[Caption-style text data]
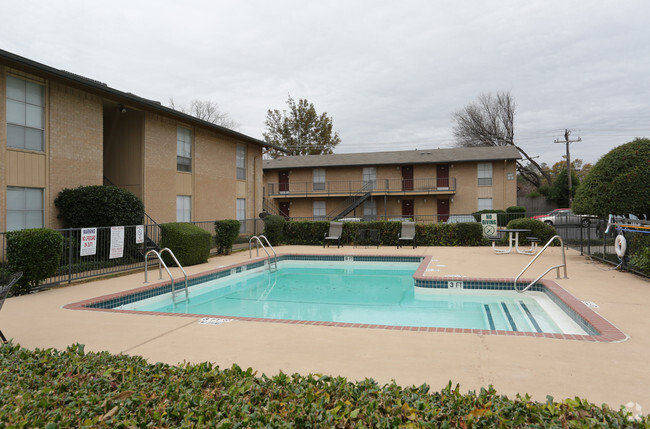 Pool - Woodwind Apartments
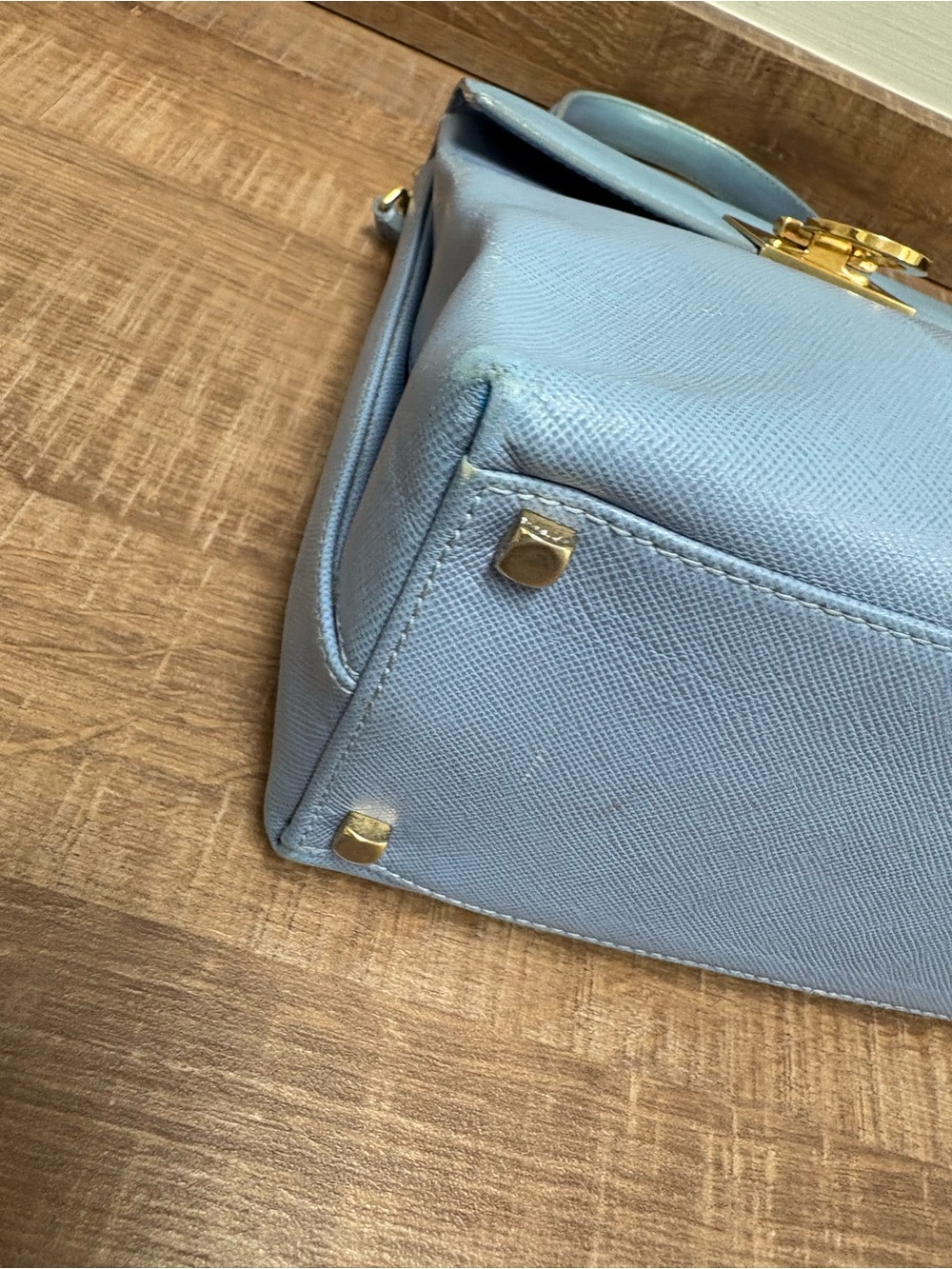 Salvatore Ferragamo Gancini Saffiano leather Top-Handle Shoulder bag with COA - Picture 7 of 10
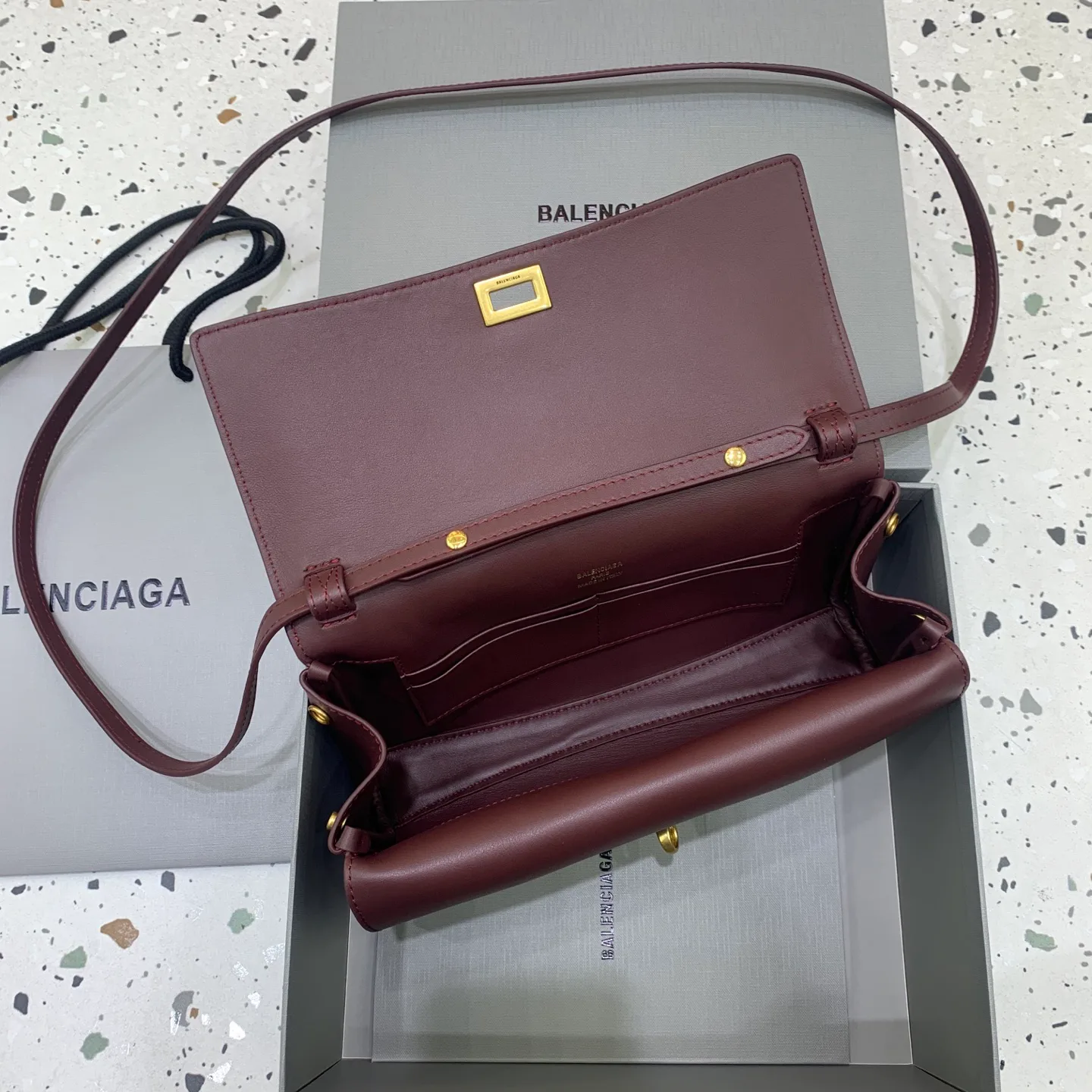 Клатчи Женские Balenciaga 13552737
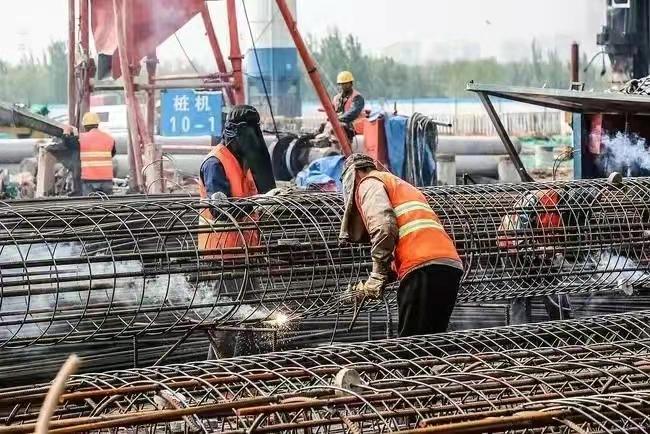 2022年农民工清退标准,今年农民工打工现状要怎么办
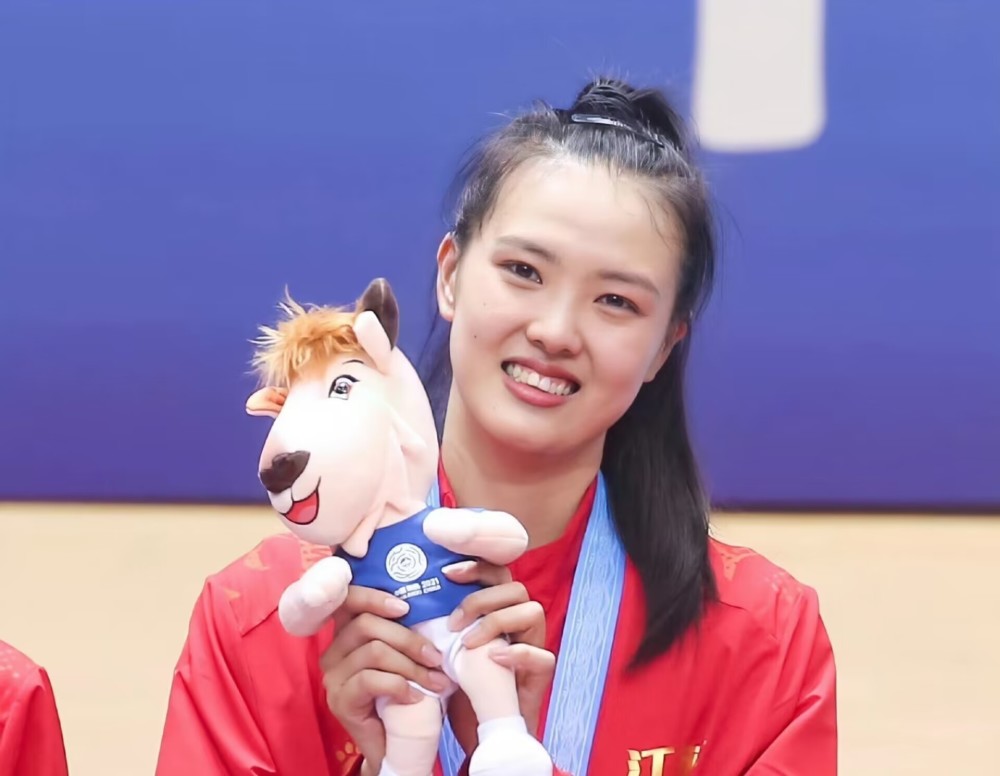 张常宁更新视频,回归排球赛场展示技术,宝宝或已经做出新选择!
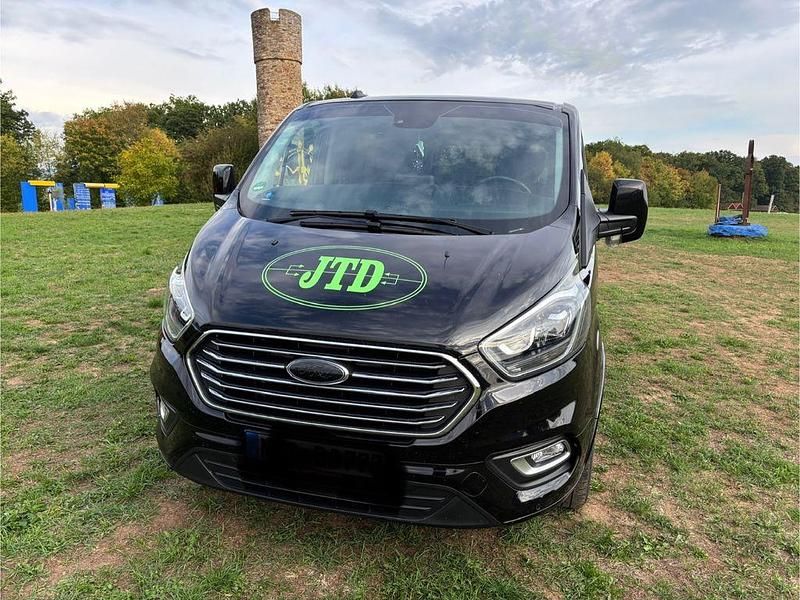Schwarz Gebraucht 2021 Ford Tourneo Van / Kleinbus | 38.299 € (Etwas zu teuer) - Bild 1/4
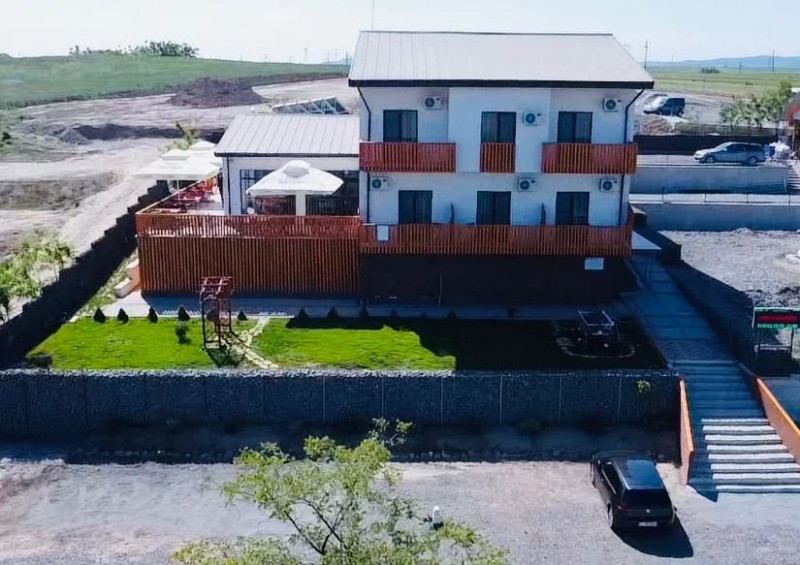 COMPLEX TURISTIC - oras Isaccea, judetul Tulcea, trecere bac UCRAINA 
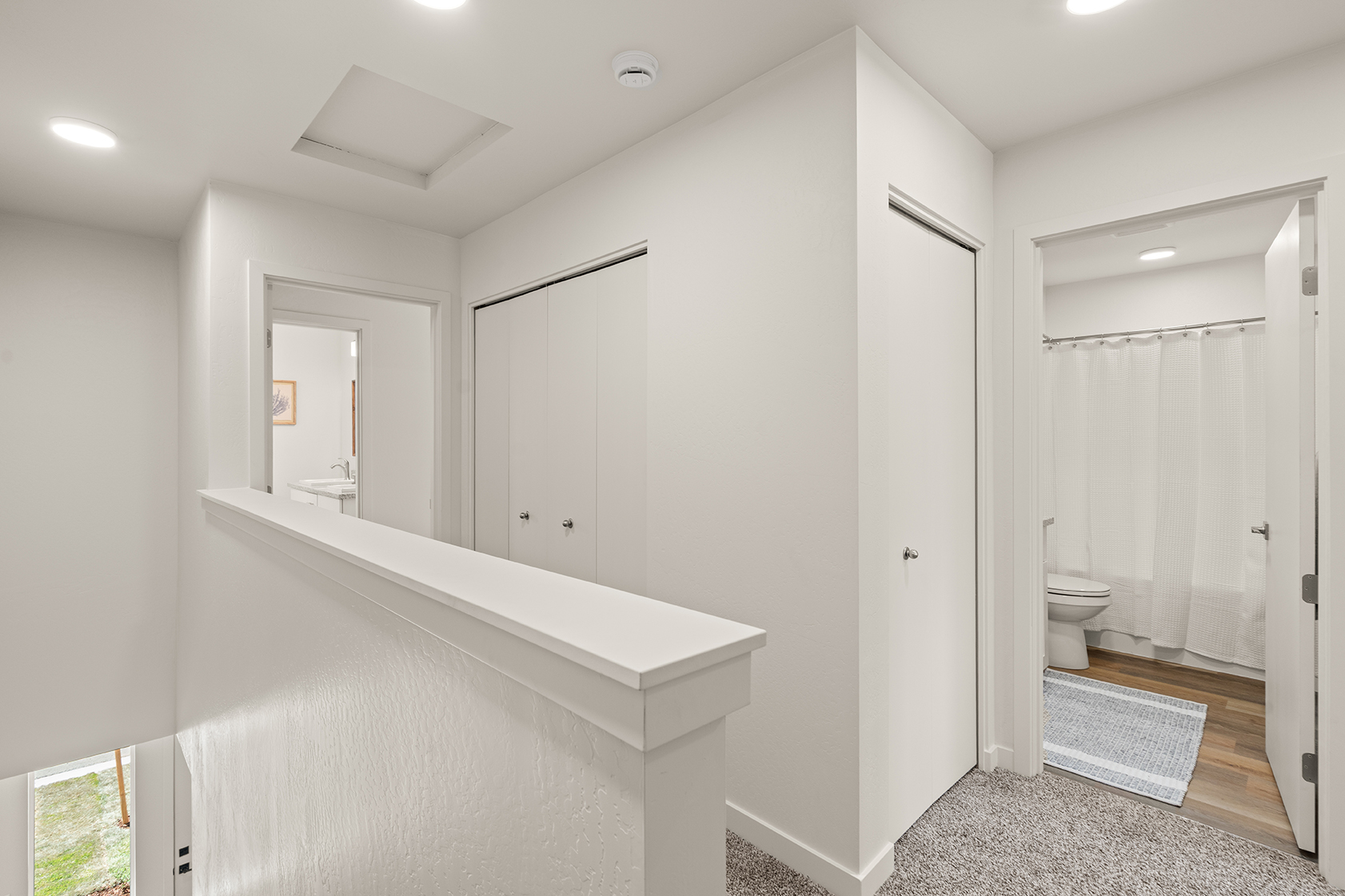 2028 Sunset Dr #9, Medford, OR 97501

### Work request
Beginning with the line where "2022年农民工清退标准,今年农民工打工现状要怎么办" appears, restate word for word every line down to the last one in the data, but keep the pictures out.

### Written answer
 2022年农民工清退标准,今年农民工打工现状要怎么办
 张常宁更新视频,回归排球赛场展示技术,宝宝或已经做出新选择!
Schwarz Gebraucht 2021 Ford Tourneo Van / Kleinbus | 38.299 € (Etwas zu teuer) - Bild 1/4
 COMPLEX TURISTIC - oras Isaccea, judetul Tulcea, trecere bac UCRAINA 
 2028 Sunset Dr #9, Medford, OR 97501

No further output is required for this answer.